IBM and Google disclosed on an initiative the two technology heavyweights hope will help computer science students and researchers learn more about and gain experience in what has come to be known as “cloud computing.” Ultimately, the goal is to create a new generation of software developers able to write software that will fully take advantage of the capabilities of parallel computing.
“This project combines IBM’s historic strengths in scientific, business and secure-transaction computing with Google’s complementary expertise in Web computing and massively scaled clusters,” said Samuel J. Palmisano, chairman, president and CEO of IBM. “We’re aiming to train tomorrow’s programmers to write software that can support a tidal wave of global Web growth and trillions of secure transactions every day.”
Google is “excited to partner with IBM to provide resources which will better equip students and researchers to address today’s developing computational challenges,” said the company’s CEO Eric Schmidt. The training, according to Schmidt, is an imperative to ensure that students are equipped to “harness the potential of modern computing systems” and provide a way for researchers to “innovate ways to address emerging problems.” The project is no luxury, but a necessity, he continued, that will enable Google to “most effectively serve the long-term interests” of its users.
Stormy Clouds
The issue IBM and Google are attempting to address is an apparent dearth of technical training at colleges and universities in this realm of extremely complex Internet-scale computing. Cloud computing, or parallel computing, is the process by which scores of processors are used to solve a common problem.
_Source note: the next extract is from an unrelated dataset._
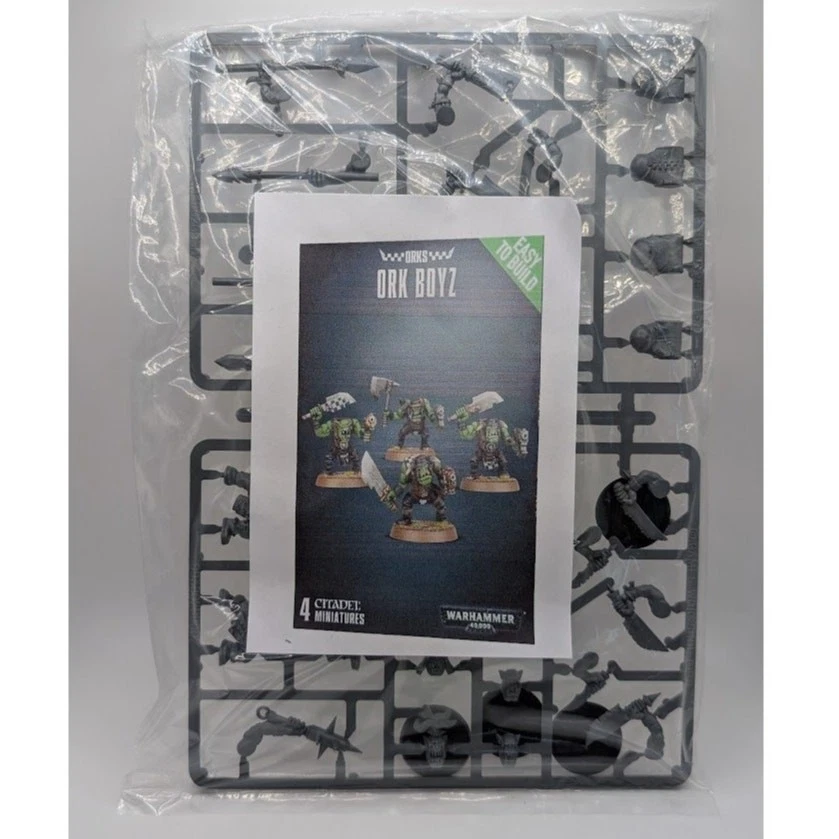 Ork Boyz Citadel Miniatures Warhammer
“The way we compute today is we have a problem and we give it to a computer and we say to that computer, ‘you solve it and you will dedicate your resources to it,'” Martin Reynolds, an analyst at Gartner, told TechNewsWorld. “That’s pretty easy. You give it the problem, and it’s done. The problem is that computers are going in a different direction.”
This cutting-edge form of computing is visible at large companies such as Google and its network.
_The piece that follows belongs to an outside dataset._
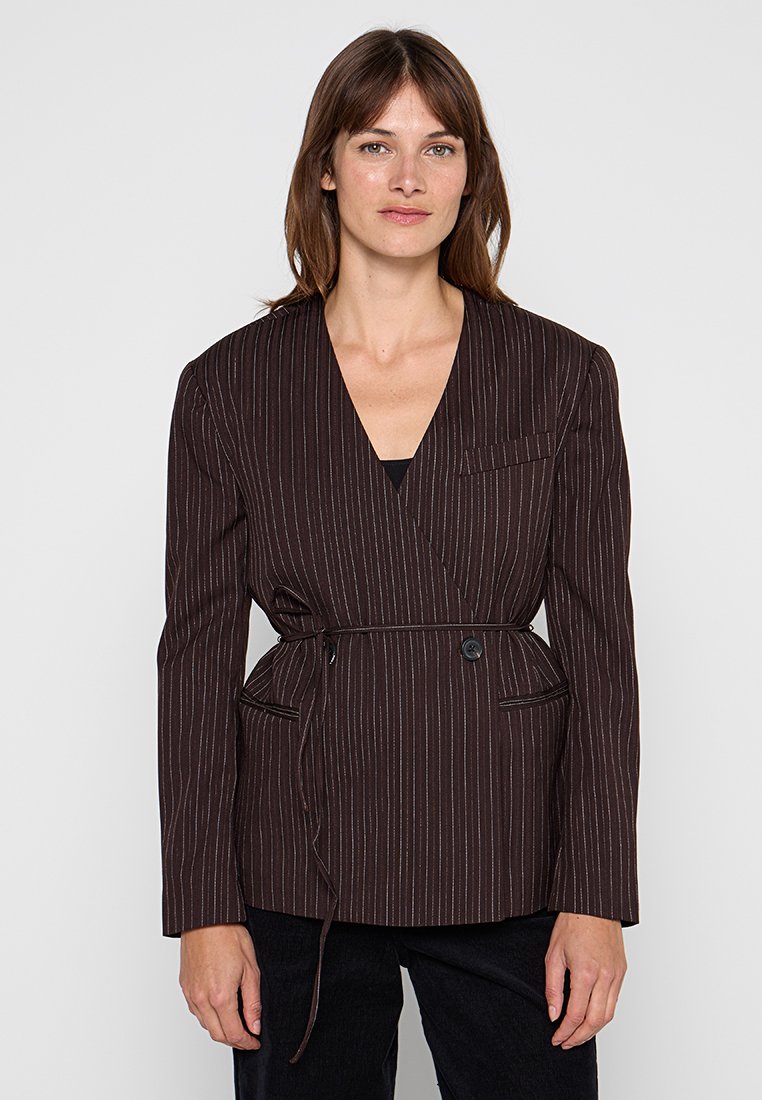 Scotch & Soda Blazer bruin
“You see it happening in the small as well with what’s going on with multicore [server processors],” Reynolds continued. “If you look at a server now, you’ve got four core processors, and soon it will be eight core, each with two threads. You put four of those in a box and all of a sudden you’ve got 64 balls in the air that you have to juggle, up from four just a few years ago.”
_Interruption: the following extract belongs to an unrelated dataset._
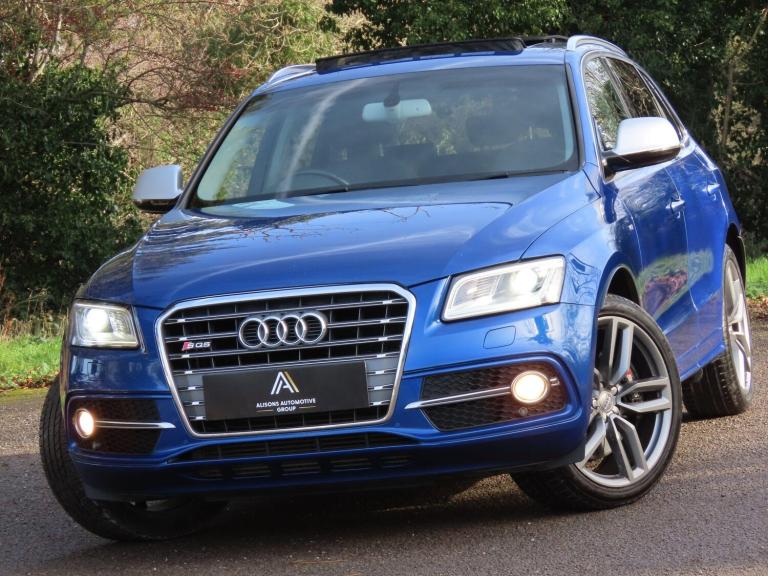  Audi SQ5 3.0 BiTDI V6 Tiptronic quattro Euro 5 (s/s) 5dr Diesel Automatic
The problem, then, exists on both ends, with large-scale environments created by Amazon, Google, Microsoft and others as well as a scale-up in the small environment that are becoming richer and richer in terms of the things they can juggle at once.
“The problem is that our computer problems are not really built for that system. The way we build computer problems is today is we expect to put them on one computer and have them run,” Reynolds said. “There is not a lot of scalability in that approach. It also turns out that when you look at these very large-scale computing systems, one of the things that happens is that the individual elements become somewhat unreliable. There’s actually no guarantee that a particular computer will be available all the time.
“It might be available most of the time, but your problem solving has to be such that if something goes away, it doesn’t matter. Something else picks it up and runs it.”
The benefit to this type of approach, Reynolds pointed out, is that the computer costs can be extraordinarily low because there is a whole pool of servers out there that everyone can share. The collective will deliver very low-cost computing.
“You can see there’s a real benefit to doing this, but it is very, very, hard to program this stuff. There are just too many problems, and the solutions are not well known. Google succeeds because Google builds very specific narrow applications that run on its cloud. But it hasn’t been able to extend that to a general purpose programming model where anyone can come along and tap in.”
The big goal, according to Reynolds, is how the technology industry can encourage the next generation of computer scientists to figure out how to build software that can run in these massively parallel environments.
Clouds in the Future
To achieve that end, IBM and Google are hooking up to provide the hardware, software and services universities need to augment their curricula and expand the scope of their research. The aim is to lower the financial and logistical impediments that have prevented the academic community from exploring this emerging model of computing.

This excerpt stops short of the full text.